╭─ Given data
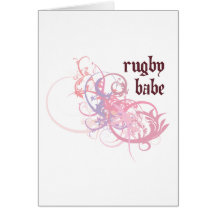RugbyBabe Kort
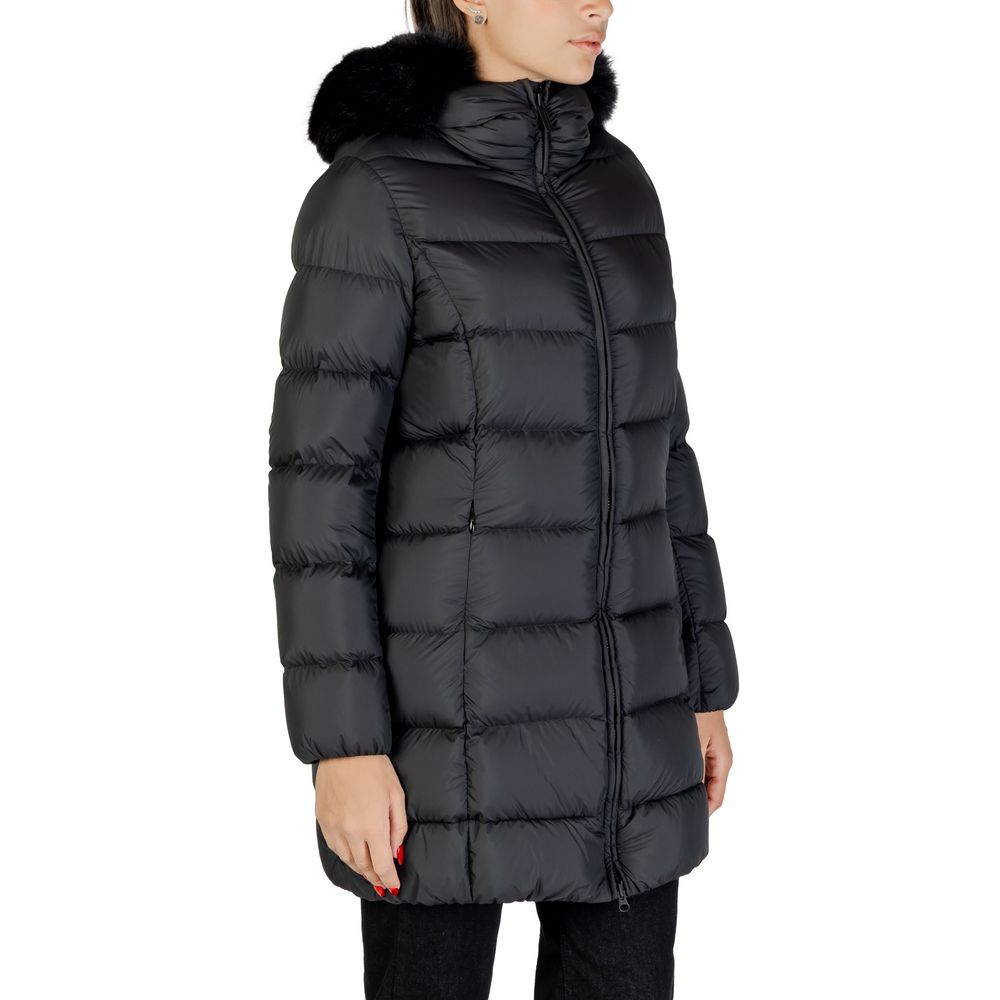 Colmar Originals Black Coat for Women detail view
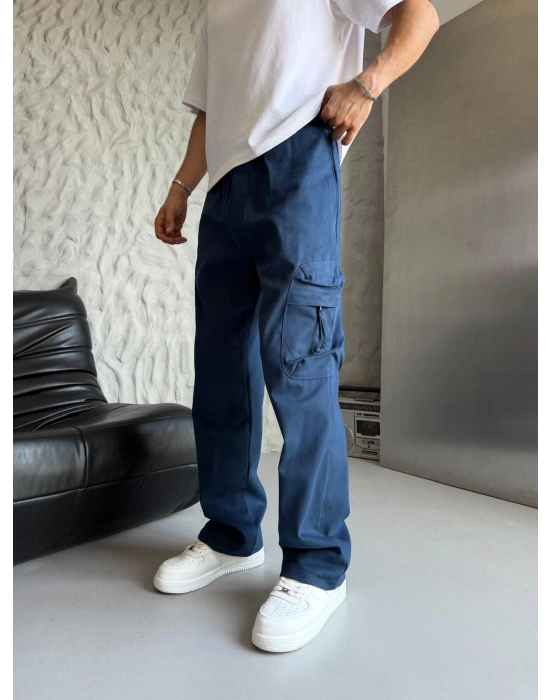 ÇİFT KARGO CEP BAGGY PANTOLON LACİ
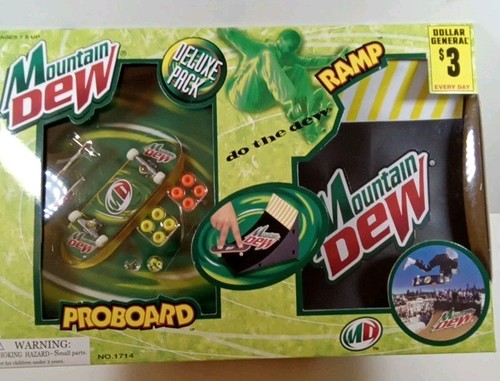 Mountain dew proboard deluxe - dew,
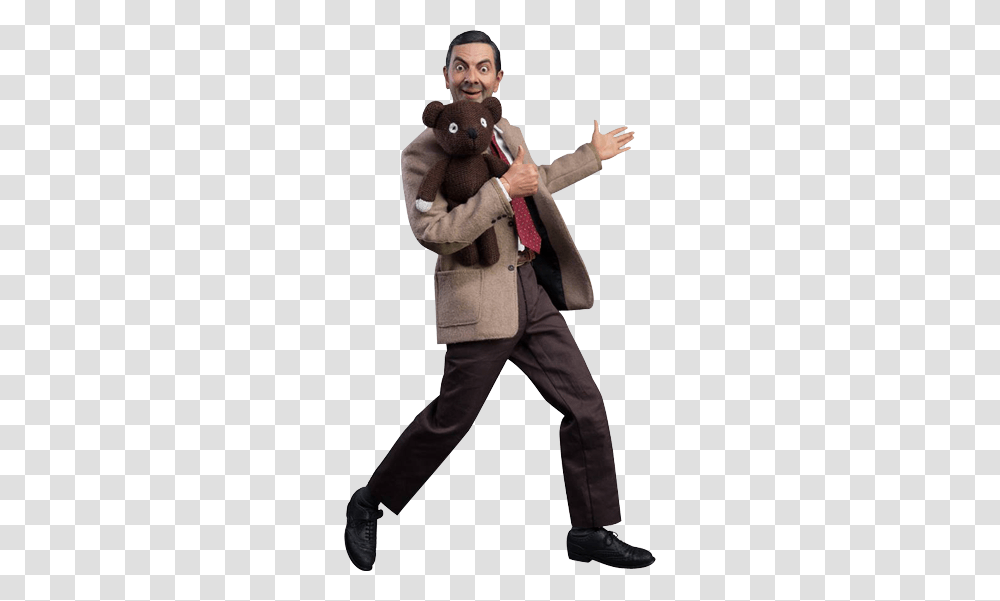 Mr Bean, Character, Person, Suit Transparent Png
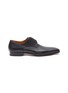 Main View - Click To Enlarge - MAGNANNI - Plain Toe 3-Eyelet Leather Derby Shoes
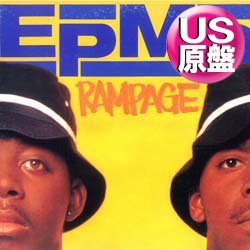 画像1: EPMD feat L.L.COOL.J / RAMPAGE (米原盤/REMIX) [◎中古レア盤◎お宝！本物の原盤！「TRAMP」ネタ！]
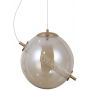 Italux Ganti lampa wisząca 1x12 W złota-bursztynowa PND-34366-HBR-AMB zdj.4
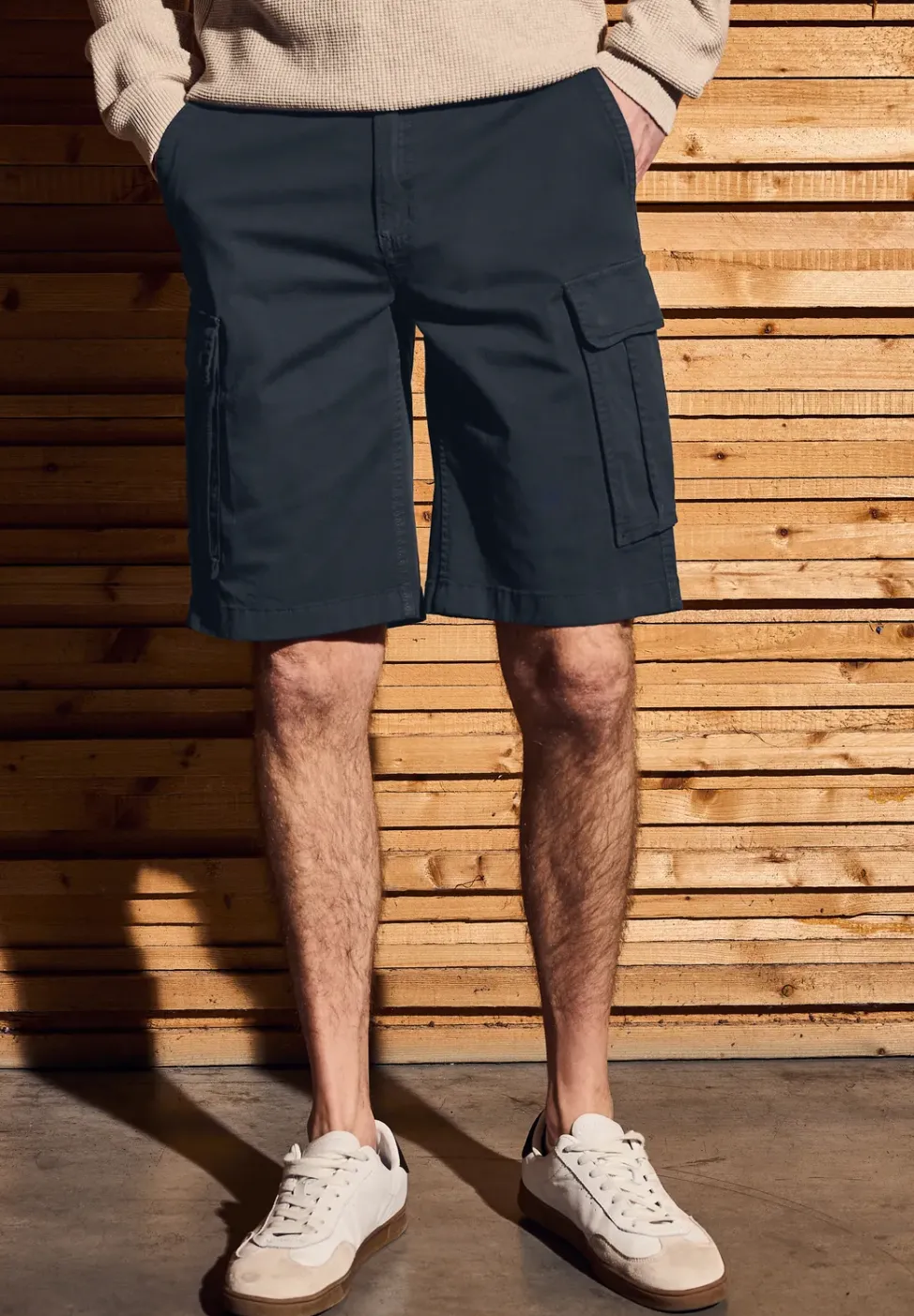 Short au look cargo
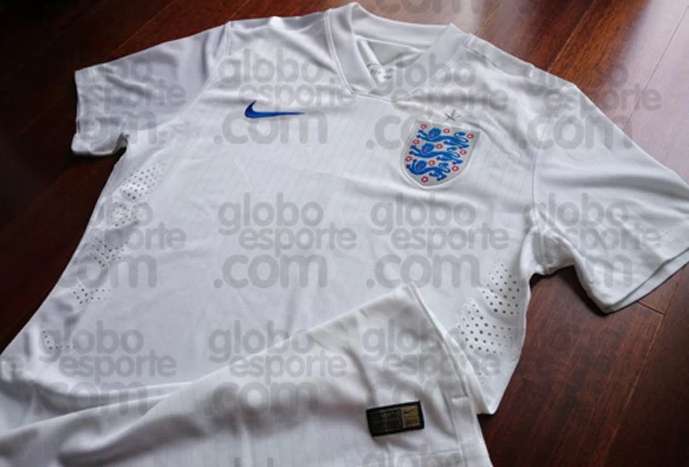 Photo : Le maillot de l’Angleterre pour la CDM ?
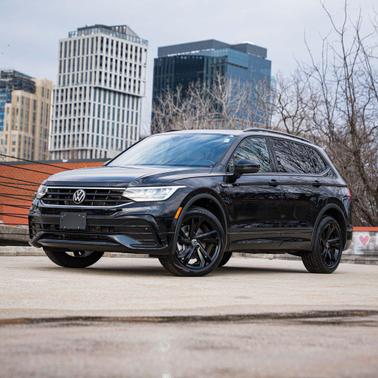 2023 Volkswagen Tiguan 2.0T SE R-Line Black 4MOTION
╰─
Prompt: Nothing should appear in the reply except the lines from the start of the listing above through the line with "Italux Ganti lampa", repeated exactly and free of pictures.

Solution:
RugbyBabe Kort
 Colmar Originals Black Coat for Women detail view
 ÇİFT KARGO CEP BAGGY PANTOLON LACİ
 Mountain dew proboard deluxe - dew,
 Mr Bean, Character, Person, Suit Transparent Png
 Main View - Click To Enlarge - MAGNANNI - Plain Toe 3-Eyelet Leather Derby Shoes
 画像1: EPMD feat L.L.COOL.J / RAMPAGE (米原盤/REMIX) [◎中古レア盤◎お宝！本物の原盤！「TRAMP」ネタ！]
 Italux Ganti lampa wisząca 1x12 W złota-bursztynowa PND-34366-HBR-AMB zdj.4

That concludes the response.